Work order
Tally the lines of the data below that contain the string "Winter". Give the tally and nothing else.

________

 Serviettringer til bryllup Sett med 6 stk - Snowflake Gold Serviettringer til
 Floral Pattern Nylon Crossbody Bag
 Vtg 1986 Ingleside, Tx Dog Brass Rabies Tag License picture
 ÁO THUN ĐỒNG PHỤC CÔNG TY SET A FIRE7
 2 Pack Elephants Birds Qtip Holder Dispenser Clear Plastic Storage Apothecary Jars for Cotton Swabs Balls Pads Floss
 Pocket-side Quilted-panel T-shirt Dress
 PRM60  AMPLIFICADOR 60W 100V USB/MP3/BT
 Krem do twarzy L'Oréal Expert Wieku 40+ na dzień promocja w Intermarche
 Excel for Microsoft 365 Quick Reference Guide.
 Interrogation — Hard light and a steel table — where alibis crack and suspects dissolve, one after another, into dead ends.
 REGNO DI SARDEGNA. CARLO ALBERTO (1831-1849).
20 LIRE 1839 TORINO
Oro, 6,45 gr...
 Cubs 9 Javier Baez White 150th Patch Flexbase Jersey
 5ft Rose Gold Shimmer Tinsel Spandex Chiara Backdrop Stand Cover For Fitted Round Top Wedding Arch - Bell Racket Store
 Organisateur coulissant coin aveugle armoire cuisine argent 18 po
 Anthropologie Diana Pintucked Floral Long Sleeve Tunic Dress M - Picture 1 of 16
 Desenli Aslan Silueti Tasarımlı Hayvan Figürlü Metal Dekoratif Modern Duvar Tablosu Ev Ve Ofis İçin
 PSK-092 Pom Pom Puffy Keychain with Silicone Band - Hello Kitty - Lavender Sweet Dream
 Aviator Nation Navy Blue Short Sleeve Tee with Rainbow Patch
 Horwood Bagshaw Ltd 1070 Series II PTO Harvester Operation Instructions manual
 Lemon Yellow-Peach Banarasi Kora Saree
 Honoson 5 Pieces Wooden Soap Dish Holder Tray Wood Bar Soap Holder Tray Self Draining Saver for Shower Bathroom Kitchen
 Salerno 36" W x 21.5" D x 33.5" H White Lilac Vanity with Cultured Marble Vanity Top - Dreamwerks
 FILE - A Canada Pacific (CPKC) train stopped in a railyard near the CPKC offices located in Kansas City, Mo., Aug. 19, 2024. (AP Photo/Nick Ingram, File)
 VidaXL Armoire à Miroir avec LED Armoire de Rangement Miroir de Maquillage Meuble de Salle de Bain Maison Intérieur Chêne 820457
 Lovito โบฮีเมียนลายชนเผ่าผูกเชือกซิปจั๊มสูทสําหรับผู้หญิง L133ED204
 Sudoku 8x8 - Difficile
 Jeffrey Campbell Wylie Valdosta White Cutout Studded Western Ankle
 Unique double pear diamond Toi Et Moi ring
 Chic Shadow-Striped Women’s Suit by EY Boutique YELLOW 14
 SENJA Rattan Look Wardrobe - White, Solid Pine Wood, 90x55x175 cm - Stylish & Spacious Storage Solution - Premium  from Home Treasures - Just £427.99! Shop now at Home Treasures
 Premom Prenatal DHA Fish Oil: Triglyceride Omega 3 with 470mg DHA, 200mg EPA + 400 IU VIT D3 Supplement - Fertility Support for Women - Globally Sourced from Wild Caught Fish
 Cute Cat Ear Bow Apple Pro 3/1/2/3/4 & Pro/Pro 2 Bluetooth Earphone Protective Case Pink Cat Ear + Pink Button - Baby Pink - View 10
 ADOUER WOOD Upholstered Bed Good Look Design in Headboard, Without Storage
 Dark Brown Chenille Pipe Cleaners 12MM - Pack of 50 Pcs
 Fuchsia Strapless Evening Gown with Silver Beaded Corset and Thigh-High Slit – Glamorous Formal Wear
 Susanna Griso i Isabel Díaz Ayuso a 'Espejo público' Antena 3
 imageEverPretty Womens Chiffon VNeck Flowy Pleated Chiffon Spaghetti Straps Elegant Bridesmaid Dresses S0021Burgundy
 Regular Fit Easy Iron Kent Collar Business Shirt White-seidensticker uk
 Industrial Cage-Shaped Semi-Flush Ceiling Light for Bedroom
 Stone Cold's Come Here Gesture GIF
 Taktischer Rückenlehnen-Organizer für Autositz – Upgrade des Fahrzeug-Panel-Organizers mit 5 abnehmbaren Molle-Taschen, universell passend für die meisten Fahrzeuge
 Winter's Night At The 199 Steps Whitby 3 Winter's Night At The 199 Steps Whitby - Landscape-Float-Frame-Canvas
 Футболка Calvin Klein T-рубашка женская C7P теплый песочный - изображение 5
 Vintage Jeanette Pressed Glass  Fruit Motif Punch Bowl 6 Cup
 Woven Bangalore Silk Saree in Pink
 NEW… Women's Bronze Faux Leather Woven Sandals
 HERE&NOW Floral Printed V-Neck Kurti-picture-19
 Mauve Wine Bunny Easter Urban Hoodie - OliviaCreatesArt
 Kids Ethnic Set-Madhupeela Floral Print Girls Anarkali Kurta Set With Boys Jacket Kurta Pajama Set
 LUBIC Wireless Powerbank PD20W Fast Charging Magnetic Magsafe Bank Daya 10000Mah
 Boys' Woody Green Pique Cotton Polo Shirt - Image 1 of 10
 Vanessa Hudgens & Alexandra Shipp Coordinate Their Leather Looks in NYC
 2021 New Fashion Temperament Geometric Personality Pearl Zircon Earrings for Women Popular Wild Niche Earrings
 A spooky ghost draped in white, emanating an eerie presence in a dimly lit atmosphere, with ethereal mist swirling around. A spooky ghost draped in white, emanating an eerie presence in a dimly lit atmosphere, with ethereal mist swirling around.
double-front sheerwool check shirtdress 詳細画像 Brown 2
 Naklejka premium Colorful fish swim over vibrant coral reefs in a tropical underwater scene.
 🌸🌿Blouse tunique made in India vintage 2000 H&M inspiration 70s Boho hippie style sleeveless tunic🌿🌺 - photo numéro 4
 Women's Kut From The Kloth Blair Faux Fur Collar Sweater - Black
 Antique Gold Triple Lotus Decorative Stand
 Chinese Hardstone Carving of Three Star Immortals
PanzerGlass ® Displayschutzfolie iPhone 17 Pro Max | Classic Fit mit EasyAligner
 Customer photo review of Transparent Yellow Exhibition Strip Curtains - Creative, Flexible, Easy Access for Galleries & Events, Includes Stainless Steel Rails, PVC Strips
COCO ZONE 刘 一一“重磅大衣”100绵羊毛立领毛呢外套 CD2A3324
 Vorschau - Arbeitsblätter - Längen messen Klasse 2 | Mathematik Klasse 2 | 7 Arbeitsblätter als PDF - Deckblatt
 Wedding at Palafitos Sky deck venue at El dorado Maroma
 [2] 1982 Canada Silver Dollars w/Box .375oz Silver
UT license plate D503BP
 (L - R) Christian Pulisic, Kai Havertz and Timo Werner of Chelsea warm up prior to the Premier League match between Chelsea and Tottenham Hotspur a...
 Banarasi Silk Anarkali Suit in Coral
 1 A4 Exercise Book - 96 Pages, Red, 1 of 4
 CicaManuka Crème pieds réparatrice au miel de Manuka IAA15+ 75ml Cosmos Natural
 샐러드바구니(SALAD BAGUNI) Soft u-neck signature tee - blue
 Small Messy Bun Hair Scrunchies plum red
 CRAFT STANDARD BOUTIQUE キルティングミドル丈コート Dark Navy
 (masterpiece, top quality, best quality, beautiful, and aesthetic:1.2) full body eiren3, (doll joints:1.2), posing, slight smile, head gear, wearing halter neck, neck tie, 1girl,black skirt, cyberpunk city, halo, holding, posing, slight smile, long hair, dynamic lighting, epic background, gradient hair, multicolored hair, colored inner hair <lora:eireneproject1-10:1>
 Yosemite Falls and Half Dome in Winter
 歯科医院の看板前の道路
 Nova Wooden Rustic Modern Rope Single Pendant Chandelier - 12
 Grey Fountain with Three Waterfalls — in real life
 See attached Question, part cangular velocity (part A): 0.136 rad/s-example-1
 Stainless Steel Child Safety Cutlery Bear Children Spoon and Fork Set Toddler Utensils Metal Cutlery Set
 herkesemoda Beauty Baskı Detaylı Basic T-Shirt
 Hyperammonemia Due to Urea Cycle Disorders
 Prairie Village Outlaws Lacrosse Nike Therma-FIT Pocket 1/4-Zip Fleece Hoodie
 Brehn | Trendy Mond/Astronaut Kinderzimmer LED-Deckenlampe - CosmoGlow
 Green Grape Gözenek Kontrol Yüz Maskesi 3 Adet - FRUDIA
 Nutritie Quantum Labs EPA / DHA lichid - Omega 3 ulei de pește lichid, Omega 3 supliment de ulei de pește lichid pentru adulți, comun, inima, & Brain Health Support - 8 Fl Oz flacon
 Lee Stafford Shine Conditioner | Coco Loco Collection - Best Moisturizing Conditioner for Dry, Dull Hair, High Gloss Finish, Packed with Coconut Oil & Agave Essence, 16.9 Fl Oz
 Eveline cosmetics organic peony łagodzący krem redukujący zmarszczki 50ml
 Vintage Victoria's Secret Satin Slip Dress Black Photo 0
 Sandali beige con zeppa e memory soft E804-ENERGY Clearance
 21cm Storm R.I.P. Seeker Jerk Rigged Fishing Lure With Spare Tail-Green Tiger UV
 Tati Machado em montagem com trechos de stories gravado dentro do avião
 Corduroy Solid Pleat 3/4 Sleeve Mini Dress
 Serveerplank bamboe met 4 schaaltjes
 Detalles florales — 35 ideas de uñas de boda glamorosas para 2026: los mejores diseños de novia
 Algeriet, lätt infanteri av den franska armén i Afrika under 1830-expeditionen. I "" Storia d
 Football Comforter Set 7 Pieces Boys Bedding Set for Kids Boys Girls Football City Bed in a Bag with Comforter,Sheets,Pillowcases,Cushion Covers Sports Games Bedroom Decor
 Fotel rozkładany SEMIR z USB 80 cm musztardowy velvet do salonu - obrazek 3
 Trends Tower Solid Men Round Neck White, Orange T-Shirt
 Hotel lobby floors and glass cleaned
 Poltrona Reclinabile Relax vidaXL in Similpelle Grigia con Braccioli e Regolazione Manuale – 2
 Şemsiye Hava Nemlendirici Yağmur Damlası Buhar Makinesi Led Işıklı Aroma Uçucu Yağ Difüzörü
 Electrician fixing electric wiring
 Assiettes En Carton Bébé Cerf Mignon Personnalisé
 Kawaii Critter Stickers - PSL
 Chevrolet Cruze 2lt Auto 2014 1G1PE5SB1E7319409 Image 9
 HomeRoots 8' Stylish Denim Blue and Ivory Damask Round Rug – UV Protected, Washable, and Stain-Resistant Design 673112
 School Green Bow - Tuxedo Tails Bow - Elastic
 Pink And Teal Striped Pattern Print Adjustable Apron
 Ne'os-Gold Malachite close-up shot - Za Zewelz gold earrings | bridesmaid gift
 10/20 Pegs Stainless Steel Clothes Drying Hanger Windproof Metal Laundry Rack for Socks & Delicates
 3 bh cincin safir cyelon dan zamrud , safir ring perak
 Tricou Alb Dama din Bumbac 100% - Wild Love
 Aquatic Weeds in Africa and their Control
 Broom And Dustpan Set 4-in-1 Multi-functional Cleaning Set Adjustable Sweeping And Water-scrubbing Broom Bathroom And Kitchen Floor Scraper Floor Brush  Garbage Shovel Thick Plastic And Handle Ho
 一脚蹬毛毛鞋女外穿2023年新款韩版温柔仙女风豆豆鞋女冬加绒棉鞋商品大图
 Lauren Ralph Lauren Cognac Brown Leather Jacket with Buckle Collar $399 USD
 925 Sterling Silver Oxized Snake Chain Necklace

________

Finished task
2